Thursday, May 19, 2005

What's the sound of a person falling off a cliff?

It could well be "Nooooooooyi!

I've gone back and forth on this during the afternoon. But after reading her speech in more detail, I think she's getting a raw deal, and that the reaction to her remarks is taking them out of context. The example she gives is of the crass behavior of some American businessmen in China, and she does point out that America is a great country:
This incident should make it abundantly clear. These men were not giving China a hand. They were giving China the finger. This finger was red, white and blue and had “the United States” stamped all over it.

Graduates, it pains me greatly that this view of America persists. Although I’m a daughter of India, I’m an American businesswoman. My family and I are citizens of this great country.

This land we call home is a most-loving, and ever-giving nation – a “promised land” that we love dearly in return. And it represents a true force that – if used for good -- can steady the hand – along with global economies and cultures. Yet, to see us frequently stub our fingers on the international business and political
But what was played up was this:
Unfortunately, I think this is how the rest of the world looks at the U.S. right now. Not as a part of the hand --giving strength and purpose to the rest of the fingers--but, instead, scratching our nose and sending a far different signal.
I can see how these lines could seen as expressing sentiments like those of MoveOn.org and George Soros, I think that Hugh and Powerline aren't being quite fair. The whole metaphor of the middle finger of the world was a really stupid and because that gesture is very offensive and the rest of the stuff about the hand as a whole lacks the same impact as the main image.

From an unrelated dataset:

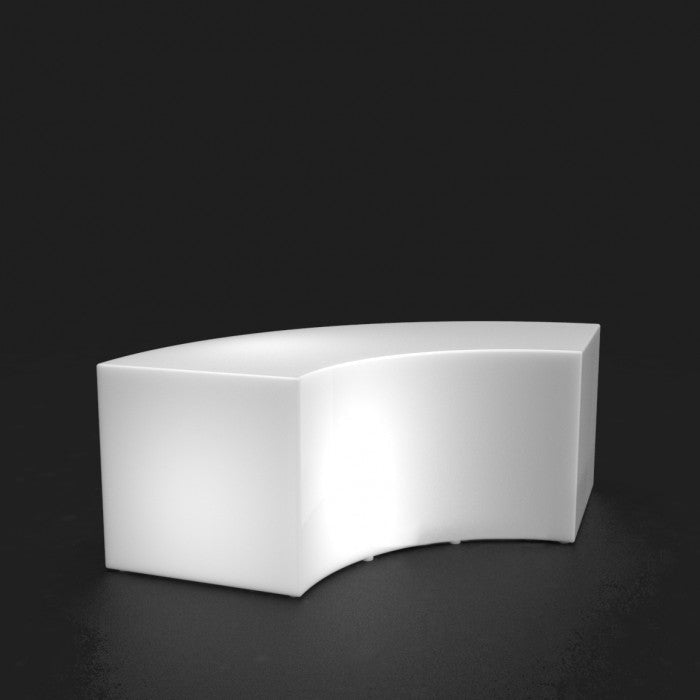 Eclipse Lux Illuminated Bench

She's talking about how Ugly Americans can damage our image with the rest of the world. The military knows this from how often American soldiers misbehave overseas, which is why it took such pains to discipline the soldiers who abused prisoners at Abu Ghraib. I can imagine Donald Rumsfeld making the same point, but he's been in government long enough that he would know better than to phrase it in this way. I don't think she deserves the grief she's getting, because the story she recounted is true and some Americans do hurt our image.

I don't believe in boycotts. They hurt a lot of good people along with the bad. The exception to that would be cases like Ghandi's protests against British colonialism or Martin Luther King's use of a boycott to show the people the economic stupidity of treating blacks as sub-humans.

In this case, however, there is no Pepsico policy that America is an evil influence in the world. The problem is that Ms. Nooyi's words sound too much like the kind of things the left is always saying about America. She is not Michael Moore, and it would be unfair to take out our resentment for him on her.